ID    YARN Application ID    Kind    State    Spark UI    Driver log    Current session?
3    application_1468969497124_0001    spark    idle    Link    Link    ✔

Creating HiveContext as 'sqlContext'
SparkContext and HiveContext created. Executing user code ...

会在第一个单元格下方创建一个新单元格。在新单元格中输入以下文本。
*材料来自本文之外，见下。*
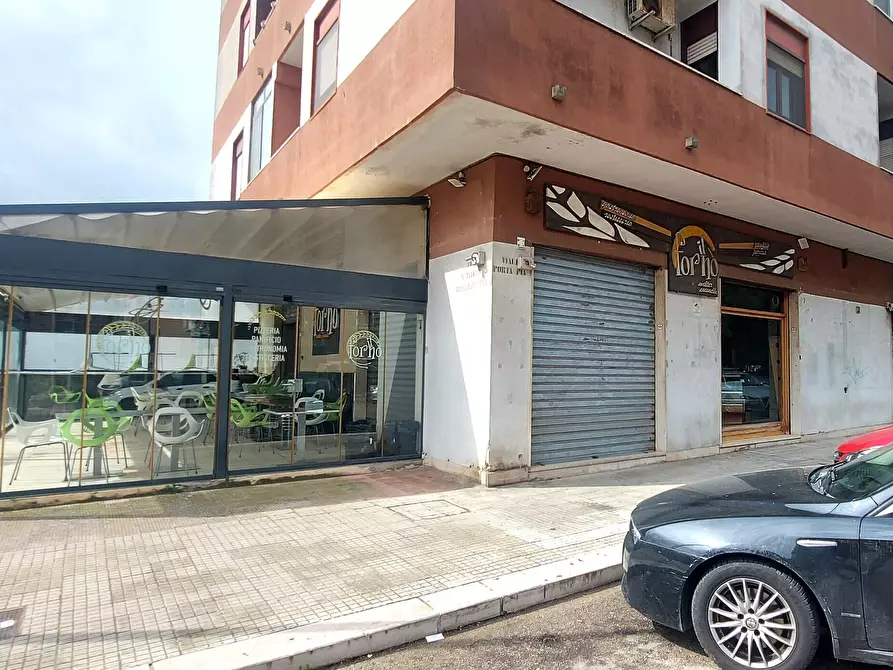 Immagine 1 di Locale commerciale in vendita  in Viale Porta Pia 5 a Brindisi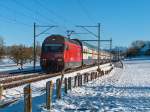 Re 460 046-6  Polmengo  mit einem IC 2000 am 23.12.03 bei Algetshausen-Henau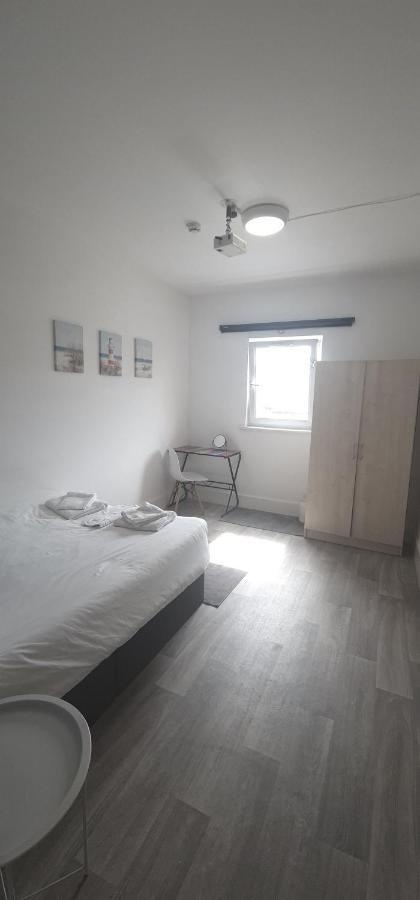 Neon 160 Hostel Swansea Luaran gambar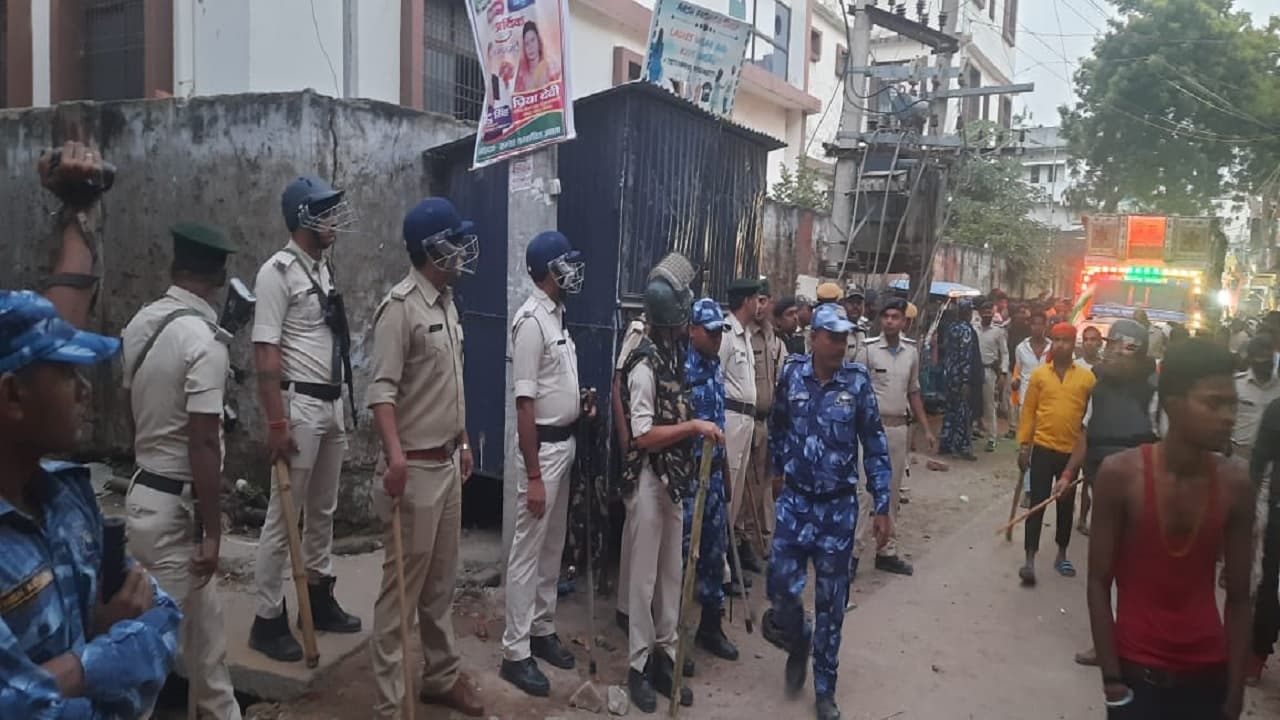 बिहार के छपरा में मूर्ति विसर्जन के दौरान दो समुदायों के बीच झड़प, पथराव के बाद पुलिस छावनी में बदला इलाका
将 STORAGEACCOUNT 和 CONTAINER 分别替换为包含 Application Insights 日志的 Azure 存储帐户名和 blob 容器名称。
```
%%bash
hdfs dfs -ls wasbs://CONTAINER@STORAGEACCOUNT.blob.core.chinacloudapi.cn/
```
使用 SHIFT + ENTER 执行此单元格中的命令。可看到类似于以下文本的结果：
```
Found 1 items
drwxrwxrwx   - 0 1970-01-01 00:00 wasbs://appinsights@contosostore.blob.core.chinacloudapi.cn/contosoappinsights_2bededa61bc741fbdee6b556571a4831
```
返回的 wasbs 路径是 Application Insights 遥测数据的位置。将单元格中的 hdfs dfs -ls 行更改为使用返回的 wasbs 路径，然后使用 Shift+Enter 再次执行单元格中的命令。这一次，结果应显示包含遥测数据的目录。

备注

本部分中的余下步骤使用了 wasbs://appinsights@contosostore.blob.core.chinacloudapi.cn/contosoappinsights_{ID}/Requests 目录。除非遥测数据用于 Web 应用，否则此目录可能并不存在。
在下一个单元格中输入以下代码：将 WASB\_PATH 替换为上一步中的路径。
```
var jsonFiles = sc.textFile('WASB_PATH')
val sqlContext = new org.apache.spark.sql.SQLContext(sc)
var jsonData = sqlContext.read.json(jsonFiles)
```
此代码会从通过连续导出过程导出的 JSON 文件创建数据框架。使用 SHIFT + ENTER 运行此单元格中的命令。